Several years after RBC and TD Banks first introduced them, my discount broker Scotia iTrade has finally followed suit and now offers U.S. registered accounts for RRSPs, RRIFs, LIRAs, LIFs and TFSAs.  Within these accounts, you can hold American stocks or Canadian stocks such as Algonquin Power (AQN.T) and Brookfield (e.g. BIP.UN, BEP.UN) that pay dividends in U.S. Dollars and keep the U.S. cash rather than having the dividends converted to Canadian and incurring currency exchange and extra fees charged by the brokerage.  It has been estimated that the savings on these fees could amount to as much as 1.5% of the value of the dividends for each payout.  I have now moved the applicable stocks in our portfolio to the US side in both our registered and non-registered accounts.  For our non-registered account, I have been transferring any US cash dividends to my US bank account, thus generating a source of US funds to spend on our trips to the United States without having to pay currency conversion rates.  I am not sure yet whether I can withdraw US cash from the US side of my TFSA account directly to the US side of my non-registered account without the money being converted to/from Canadian.  If this is possible, then I assume that I can then re-contribute the Canadian value of that withdrawal amount the next calendar year?  I will try this with a small amount later on in the year.  Similarly I have not tried to withdraw US stocks in kind as part of my annual RRIF withdrawal.  This might be an experiment for a future year.

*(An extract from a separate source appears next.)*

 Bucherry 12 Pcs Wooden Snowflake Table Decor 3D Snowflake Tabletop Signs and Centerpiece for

In 2018, we made some major changes to our utility expenses.  Finally deciding to get with the times, we purchased a second cell phone so that we each had one and cancelled our  phone land line.  In addition to the cost savings of the phone line, we had the extra intangible advantage of getting rid of the telemarketers and donation seekers who were basically the only ones calling our land line.  We now obsessively protect our cell phone numbers and only provide them to companies or institutions that we actually want or need to call us.  We were lucky enough to be able to take advantage of the brief price war that the major Tel-coms waged this year and snagged the deal of 10GB of data for $60/month from Bell Canada.  In fact, my husband signed up for the cell service deal before we even bought the second phone.  We renegotiated a cheaper price with Rogers for our internet and cable bill after our previous discounted deal expired but it was only for one year so I think we will need to try and do so again this year.

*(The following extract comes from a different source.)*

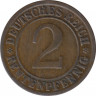 Монета. Германия. Веймарская республика. 2 рентенпфеннига 1924 год. Монетный двор - Мюнхен (D). рев.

For the first time since 2014, we were not able to secure a home swap for our vacation.  We still had a lovely 3 week "Off The Beaten Path" trip to London, England in May, but it was quite the sticker-shock when we had to pay for our own accommodations for the first time in years. We also took an overnight cycling vacation to Meaford, Ontario (near Collingwood) in July and an impromptu, last-minute 2 night/3 days stay in Manhattan in November which I am busy trying to blog about.  Unfortunately once again, I have not been able to finish writing about our vacations within the year that we took them.  We continue to enjoy tennis, cycling, walking, theatre, art galleries and taking interest courses.  I have been trying to complete a free online course on Greek Mythology for over half a year now, but keep getting distracted by other activities and social events.  Our early retirement continues to be wonderful, active, fulfilling, stress-free and was worth all the saving and planning over the years that made it possible.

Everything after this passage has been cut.